UX + Agile
Successfully integrating design into a scrum framework
At Liberty I was tasked with building a product design team to be integrated into newly established agile squads. While there was a desire to have UX/design as part of the development process, product owners and developers had never worked with product designers before nor understood what design could do for development.
Why this matters
Properly integrating UX process into development is critical to a team’s success. Done well, a squad can build impactful experiences that deliver real business value. Done poorly, a squad will struggle to move quickly, find themselves unable to tackle big challenges, and see team morale fall.
The Challenge
Squads were unintentionally operating in a waterfall framework at Liberty Mutual. A designer was tasked with designing a particular page in one two week sprint. Developers would pick up that work the following sprint. Often the design work would go longer than a sprint - new feedback needed to be incorporated, designs needed approval, design needed to change based on amended requirements.This would push out development. And while taking longer, it was harder to pivot a design or push for bigger changes.
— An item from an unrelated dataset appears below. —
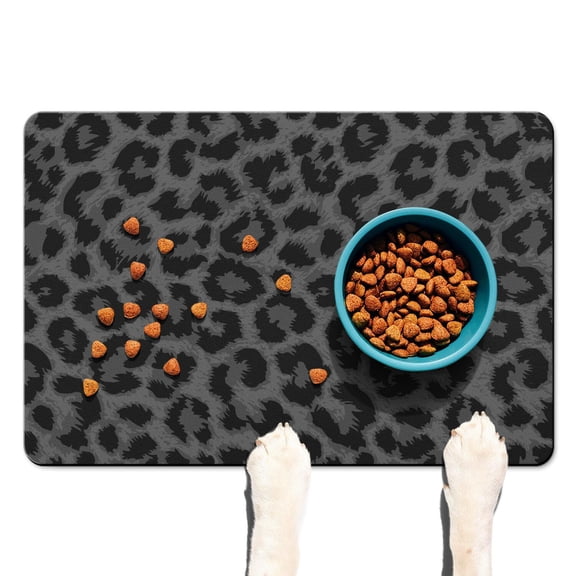 Pet Feeding Mat with Romantic Leopard Pattern, Durable Waterproof Dog Food Mat, Absorbent, Non-Slip, Quick Dry, Washable Mat Featuring Cute Animal Design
The reality is that design should be able to move faster than development. A designer should be able to design a straightforward landing page faster than it takes a developer to build it. When I point this out, in struggling organizations I often get a response of something like, “that’s not true.”
But it should be.
A two week cadence (typical sprint timeframe) is awkward for design. The work doesn’t fit neatly into that box. And honestly, if you give a designer two weeks to design the afore mentioned landing page, he or she will take two weeks to design it. But the reality is it shouldn’t take nearly that long. This is part of the challenge of tackling design within a sprint.
The Solution
In bringing UX into the Agile framework, I ask teams to consider design work to be more a part of the “definition of ready” rather than “sprint work.” In this way, UX is responsible for providing enough runway for developers to keep churning out work.
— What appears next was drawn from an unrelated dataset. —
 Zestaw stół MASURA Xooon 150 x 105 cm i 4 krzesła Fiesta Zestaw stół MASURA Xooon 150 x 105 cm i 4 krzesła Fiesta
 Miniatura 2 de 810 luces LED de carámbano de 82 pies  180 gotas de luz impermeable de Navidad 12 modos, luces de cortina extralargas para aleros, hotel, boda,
This also allows for the fact that design is a non-linear process. Good design encompasses many parts (research, exploration, sketching, ideation, pixel-perfect design) that are pursued in different order based on the work, sometimes returned to, sometimes done in parallel. It is not readily broken down into base steps and ordered (to be sure, good design process is repeatable knowable; it’s just different than coding).
I refer to this approach as UX Kanban. UX will take on work, complete it, and move on to the next item as quickly and efficiently as possible.
I outline four key parts to the process:
UX write their own UX stories. This is important so that UX has a sense of ownership of the work to be done, and the direction it will take. And by writing their own stories for JIRA, they are accountable to their squad and provide a level of transparency. Additionally, this helps designers “speak” the language of POs and developers.
POs own prioritization. Even if we’re taking our work “outside the sprint” it’s still important that the team is moving in the same direction. Product owners are responsible for prioritization. This is still the case.
Transparency with the entire squad. I believe strongly that clear communication and shared understanding is the most important piece of Agile, more so than any specific ceremony or practice. UX can’t go off to do their thing in a vacuum; the squad should always be aware and able to see what designers are working on.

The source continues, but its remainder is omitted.